Hey Just got back from the states yesterday and had my brother just pointed out that I have GUPPY BABIES! I Put them in this small tank like 1 Litre tank and I have the mother in the breeder box in the tank but I think I may put the babies in the breeder box because the other tank doesnt have a heater,filter and such like that. Any thoughts?


----------



## ngo911 (May 19, 2010)

I think it would be best if you could put them back into the breeder box but divide/separate them from the mother. Maybe something plastic cut to size?
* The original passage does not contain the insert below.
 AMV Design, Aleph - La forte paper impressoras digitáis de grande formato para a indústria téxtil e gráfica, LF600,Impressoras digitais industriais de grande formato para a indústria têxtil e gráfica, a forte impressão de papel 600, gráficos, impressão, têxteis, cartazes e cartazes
The breeder box I have came with dividers do I'm not sure what you could use.


----------



## bowman00 (Apr 27, 2010)

Yeah I did that, I said to myself "The other tank probably wouldnt be a suitable environment" so did what u said above.

Also I was wondering what would be the best food for these guys, I was thinking brine shrimp? But right now I am feeding them bloodworms and flakes.


----------



## Morainy (Apr 21, 2010)

Baby guppies can eat powdered flake food, or one of Sera's powdered baby foods, or Hikari First Bites, anything like that. They like some vegetable matter in their food. If they are already big enough to eat bloodworms, then they probably don't need powdered food anymore, though!

Congratulations on your guppy fry. What kind of guppies do you have?


----------



## bowman00 (Apr 27, 2010)

I believe I have fancy. The babies have colours of black, yellow and a hint of green I think


----------



## InfraredDream (Jun 24, 2010)

WOW, so many colours in babies, lovely!
Congratulations!


----------



## GreenGanja (Apr 27, 2010)

my guppie just had like 20 babys 2 lol

-Mike


----------



## bowman00 (Apr 27, 2010)

Thats awesome! Maybe in the future we could trade guppy for guppy xD haha


----------



## BossRoss (Jun 17, 2010)

I've got a bunch of baby guppies too.... some of them are 'bent', and i think i should be culling them. Or should i feed them to my bigger fish? With these deformities i don't think they will do well @ adulthood.


----------



## mikebike (Sep 8, 2010)

I too have guppies.
I don't keep any of the ones that are not heathy/deformed.

They only result in passing on inferior traits.
I feed my babbies Nutrafin Max small tropical fish micro granules.

I still have not had any luck trying to take good photos of my guppies as they keep moving & I fogot to clean the outside of the tank.


----------



## bowman00 (Apr 27, 2010)

How can you tell if they are deformed?


----------



## BossRoss (Jun 17, 2010)

their backs are all bent and they have difficulty swimming.... i fed 'em to the larger inhabitants of my community tank  i must have 100 guppies no.. lol


----------



## bowman00 (Apr 27, 2010)

haha I knew there backs just seeing if anyone has found anyone other deformidies. I am hoping for a leopard and a tequila sunrise


----------